The United States House of Representatives has defeated the fast track on the Pacific Trade Agreement.
This is what happens with Democrats and Republicans come together.
I’m sure that they voted together for different reasons. That’s the way things work, when they work. But the point is that the United States House of Representatives turned by the Imperial Presidency by voting no on the fast tracking of the Pacific Trade agreement.
This vote puts the trade agreement back on a normal path, where it can be amended and its contents can be discussed. I am entirely aware that many Republicans voted against fast-tracking simply because they saw it as an opportunity to embarrass the president. I am also aware that the Democrats voted against it because they wanted to preserve American jobs.
I am also aware, that the American people won this round, at least for now. That’s so unusual that it, alone is cause to celebrate. Now if we can just get Congress to realize that they can actually pass laws, even if they read them, discuss them and amend them like grown up lawmakers, we’ll really have a miracle.
From The New York Times:
WASHINGTON — House Democrats rebuffed a dramatic personal appeal from President Obama on Friday, torpedoing his ambitious push to expand his trade negotiating power — and, quite likely, his chance to secure a legacy-defining trade accord spanning the Pacific Ocean.

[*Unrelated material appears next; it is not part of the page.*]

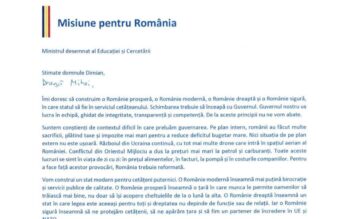 „Dragă Mihai…” Dimian a publicat un mesaj primit de la Siegfried Mureșan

In a remarkable rejection of a president they have resolutely backed, House Democrats voted to kill assistance to workers displaced by global trade, a program their party created and has stood by for four decades. By doing so, they brought down legislation granting the president trade promotion authority — the power to negotiate trade deals that cannot be amended or filibustered by Congress — before it could even come to a final vote.
“We want a better deal for America’s workers,” said Representative Nancy Pelosi of California, the House minority leader who has guided the president’s agenda for two terms and was personally lobbied by Mr. Obama until the last minute.
Republican leaders tried to muster support from their own party for trade adjustment assistance, a program they have long derided as an ineffective waste of money and sop to organized labor. But not enough Republicans were willing to save the program.